In case you are using a non-public git repository, you need to provide a deploy key so that the system can clone your repository. All the system is doing is a git clone, so a key with permission for that is enough.

Upload the key with

scp your_key USERNAME@robots.real-robot-challenge.com:

and specify its name with the parameter git_deploy_key in the configuration file roboch.json (see above).

Custom Singularity Image

By default your submissions are executed in the standard Singularity image (see Download the Real Robot Challenge Image). If you need additional libraries to run your code, you can create a custom image by extending the standard image. For more information on how to create a custom image, see Add Custom Dependencies to the Container.

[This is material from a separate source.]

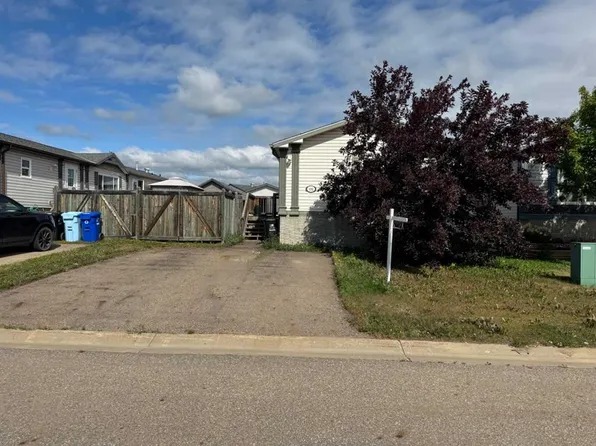 192 SE Elm St, Wood Buffalo, AB T9K 0K1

Assuming your custom image is called “user_image.sif”, you can upload it like the other files with:

scp user_image.sif USERNAME@robots.real-robot-challenge.com:

Then update roboch.json by adding the following line:

"singularity_image": "user_image.sif"

If you later want to update the image, simply overwrite the existing file.

Important

Do not update the image while you have a job currently running or pending as this might lead to a crash.

Verify Configuration

You can verify if your configuration is valid (i.e. all required parameters are specified and mentioned files exist). By logging in and running:

check

Submitting a Job

To submit a job, first connect via SSH:

ssh USERNAME@robots.real-robot-challenge.com

Then call:

submit

This will print the job ID which you will later need to download the data.

After you submitted a job, it will wait for a free robot. Then your code will be deployed to that robot and the file run from the root of your repository will be executed (see The run Script).

Important

You can only submit one job at a time. Calling submit again while there is an ongoing job will result in an error. After the job has finished it may take up to one minute before you can submit the next job.

You can monitor the status of the job with

status

It will be listed as “idle” while it is waiting for a free robot and then change to “running” until it is finished.

Accessing Recorded Data

Once a job is finished, you can access the data here:

https://robots.real-robot-challenge.com/output/USERNAME/data

You need to authenticate with your username and password to access the files.

For each job a directory is created using the job ID as name. The job ID is printed when running submit and is also mentioned in the email you receive from the system when the job has finished.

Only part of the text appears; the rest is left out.